WHAT THE TASK ASKS: The listing is to be reproduced exactly, excluding its pictures.

DATASET EXCERPT:
◇ ◇ ◇ ◇

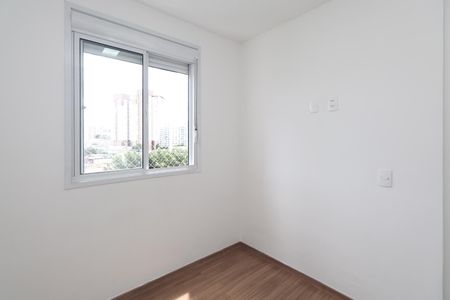 Quarto 2 - Armários de apartamento para alugar com 2 quartos, 44m² em Vila Guilherme, São Paulo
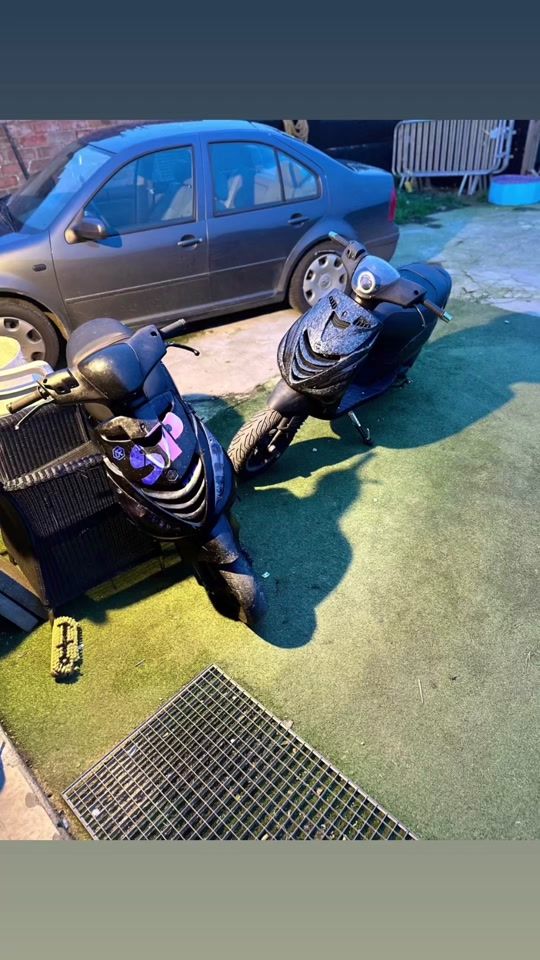 TikTok video thumbnail by 1wheeler69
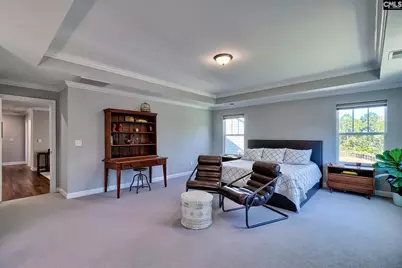 818 Ruskin Drive, Chapin, SC 29036 - Photo 33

◇ ◇ ◇ ◇

WRITTEN RESPONSE:
 Quarto 2 - Armários de apartamento para alugar com 2 quartos, 44m² em Vila Guilherme, São Paulo
 TikTok video thumbnail by 1wheeler69
 818 Ruskin Drive, Chapin, SC 29036 - Photo 33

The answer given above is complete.